Business/Robbery etc

10 February 2018

9:00 AM

10 February 2018

9:00 AM

Small businesses and individuals income-earners beware! Now that Tax Commissioner Chris Jordan’s successful five-year multi-billion dollar campaign against tax dodging by multinationals and the big end of town has, he says, gone about as far as it can go towards helping the Turnbull government fix its deficit problems, his agenda for 2018 promises to be far more financially rewarding – but much more politically dangerous. He reckons he has reduced the gap between what big business ought to pay and the $41 billion they actually do cough-up to only $2.5 billion, which he plans to keep on attacking. But he will now redirect his main focus on a much bigger gap – between what small business and individuals really earn and what tax they should pay. If there were political as well as fiscal benefits to the government from the ATO’s big business and multinational successes, there can only be political nightmares from Jordan’s next target – small businesses and individuals, cash only businesses with undeclared income, unpaid superannuation guarantee contributions and fictitious deductions. Most in the firing line will be voters; many of the small businesses affected will be owned by traditional Coalition supporters. Jordan, appointed by Labor Treasurer Swan and reappointed by Liberal Treasurer Morrison, has political leanings that are evident from his period as an advisor in John Howard’s office in the 1980s before becoming head of KPMG in NSW. He is well aware of the sensitivity of his 2018 agenda: ‘Small business and individuals would not accept a greater focus on them unless they were confident we’d done our work on large corporates.’

But the big ticket successes have not benefitted the ATO’s image. The latest annual independent survey of attitudes to the ATO shows little improvement in community perceptions, although it does score highly on integrity but low in service and technology. Jordan is ready to concede that neither he nor the ATO is currently popular; his 2018 agenda is unlikely to improve things. It should provide plenty of ammunition to ATO critics like the Australian’s Bob Gottliebsen who followed up his recent successful campaign against the ATO’s removal of some ABNs in a dispute over contracting or employing, by enthusiastically labelling last month’s release of the widely welcomed proposed legislation to allow the ATO to provide credit agencies with details of defaulting businesses as ‘effectively handing the ATO an atom bomb to blow up small businesses; in its current state the ATO is in no position to properly handle that extreme power’. But the business community regards this greater transparency as ‘a positive measure for small businesses enabling them to evaluate their dealings with other businesses that may not be paying their tax debts on time. It helps them to avoid incurring losses by assessing the other parties risk and changing their trade terms accordingly’. And as the Tax Institute pointed out, the ATO stands to benefit as the change ‘should encourage taxpayers to engage with the ATO to prevent their debts from being reported, or motivate some taxpayers to promptly resolve their tax debt and voluntarily comply with… tax obligations’.

While recent contact with the ATO makes people more likely to see the ATO positively, according to its latest survey, the overwhelmingly poor public perception of the ATO really relates to its past – and justifiably so.

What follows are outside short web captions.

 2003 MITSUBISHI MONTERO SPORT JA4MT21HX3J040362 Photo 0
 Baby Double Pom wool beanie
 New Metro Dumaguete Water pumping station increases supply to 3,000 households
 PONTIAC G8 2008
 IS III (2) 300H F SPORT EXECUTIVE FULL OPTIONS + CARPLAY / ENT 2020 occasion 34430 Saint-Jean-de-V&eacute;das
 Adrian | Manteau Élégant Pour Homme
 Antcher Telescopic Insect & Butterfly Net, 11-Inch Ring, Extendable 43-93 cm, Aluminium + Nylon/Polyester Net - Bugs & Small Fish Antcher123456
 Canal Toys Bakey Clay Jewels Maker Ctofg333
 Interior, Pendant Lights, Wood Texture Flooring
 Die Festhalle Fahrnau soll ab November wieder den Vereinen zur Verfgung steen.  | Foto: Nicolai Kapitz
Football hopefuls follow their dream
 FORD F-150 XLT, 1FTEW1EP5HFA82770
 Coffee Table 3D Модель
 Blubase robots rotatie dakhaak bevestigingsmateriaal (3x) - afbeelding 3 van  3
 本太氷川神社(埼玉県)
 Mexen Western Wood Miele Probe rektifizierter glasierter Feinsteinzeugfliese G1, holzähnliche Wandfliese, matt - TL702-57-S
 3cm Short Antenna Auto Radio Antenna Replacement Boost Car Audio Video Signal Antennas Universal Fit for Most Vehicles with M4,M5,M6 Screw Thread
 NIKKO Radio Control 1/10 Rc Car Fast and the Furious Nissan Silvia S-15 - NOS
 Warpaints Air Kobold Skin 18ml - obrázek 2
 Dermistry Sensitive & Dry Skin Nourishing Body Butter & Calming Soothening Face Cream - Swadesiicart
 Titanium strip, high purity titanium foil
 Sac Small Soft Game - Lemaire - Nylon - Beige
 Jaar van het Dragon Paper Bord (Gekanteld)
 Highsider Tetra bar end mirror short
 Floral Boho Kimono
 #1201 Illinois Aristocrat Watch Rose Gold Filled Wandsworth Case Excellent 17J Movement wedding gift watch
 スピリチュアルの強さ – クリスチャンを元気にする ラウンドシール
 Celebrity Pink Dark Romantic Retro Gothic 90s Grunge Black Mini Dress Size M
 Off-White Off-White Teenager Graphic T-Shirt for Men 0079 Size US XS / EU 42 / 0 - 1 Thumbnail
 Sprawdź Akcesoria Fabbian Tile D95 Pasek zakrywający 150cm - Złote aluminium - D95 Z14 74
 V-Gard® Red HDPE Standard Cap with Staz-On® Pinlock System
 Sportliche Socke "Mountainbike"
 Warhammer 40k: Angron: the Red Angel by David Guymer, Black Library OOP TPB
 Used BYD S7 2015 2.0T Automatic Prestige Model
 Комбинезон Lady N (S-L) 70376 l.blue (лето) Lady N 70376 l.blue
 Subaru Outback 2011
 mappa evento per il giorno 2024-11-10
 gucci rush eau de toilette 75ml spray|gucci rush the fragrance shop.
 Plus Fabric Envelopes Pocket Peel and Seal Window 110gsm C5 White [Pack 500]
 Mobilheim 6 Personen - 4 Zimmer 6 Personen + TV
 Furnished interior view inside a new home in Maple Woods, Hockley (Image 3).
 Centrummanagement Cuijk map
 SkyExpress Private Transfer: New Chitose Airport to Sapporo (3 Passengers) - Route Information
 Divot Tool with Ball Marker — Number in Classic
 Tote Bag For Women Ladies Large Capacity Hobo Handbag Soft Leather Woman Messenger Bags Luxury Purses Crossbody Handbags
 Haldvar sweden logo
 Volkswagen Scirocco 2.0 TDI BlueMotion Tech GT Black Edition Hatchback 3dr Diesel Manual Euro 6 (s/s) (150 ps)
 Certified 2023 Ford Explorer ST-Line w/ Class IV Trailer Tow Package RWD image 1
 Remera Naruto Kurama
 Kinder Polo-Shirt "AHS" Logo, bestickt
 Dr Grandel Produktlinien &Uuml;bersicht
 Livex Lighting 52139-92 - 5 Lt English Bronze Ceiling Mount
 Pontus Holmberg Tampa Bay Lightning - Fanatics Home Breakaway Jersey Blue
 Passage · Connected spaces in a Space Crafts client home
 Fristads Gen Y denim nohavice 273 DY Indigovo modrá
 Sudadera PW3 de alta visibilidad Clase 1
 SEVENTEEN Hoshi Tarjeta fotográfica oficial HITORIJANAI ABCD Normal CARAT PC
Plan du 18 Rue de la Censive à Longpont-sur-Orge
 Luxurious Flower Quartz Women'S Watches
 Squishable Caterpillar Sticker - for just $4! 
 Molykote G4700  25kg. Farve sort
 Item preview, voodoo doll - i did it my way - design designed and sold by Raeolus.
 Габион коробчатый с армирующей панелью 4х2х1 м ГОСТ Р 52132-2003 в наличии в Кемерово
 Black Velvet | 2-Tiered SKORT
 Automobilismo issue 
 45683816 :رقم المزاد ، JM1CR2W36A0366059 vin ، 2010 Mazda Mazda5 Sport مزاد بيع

The ATO’s reputation for arrogance and bullying was at its height during the pre-GST bad old days of multiple rates of sales tax, where, as Parliamentary Secretary to the Treasurer, I was inundated with complaints about ATO threats to small businesses arising from false allegations of incorrect rates charged, and subsequent penalties, that could be resolved by ‘an agreed settlement’; effectively taxation by blackmail. Senate Estimates committees uncovered years of inappropriate behaviour by out-of-control tax offices, Chatswood being notorious. The current ATO is a very different beast from those days, with Jordan being described in Chartered Accountant as having ‘a better reputation than any Australian tax chief in living memory’. But he may end up with few friends – and some political enemies – after he pings small business and individual tax cheats in the run-up to next year’s election.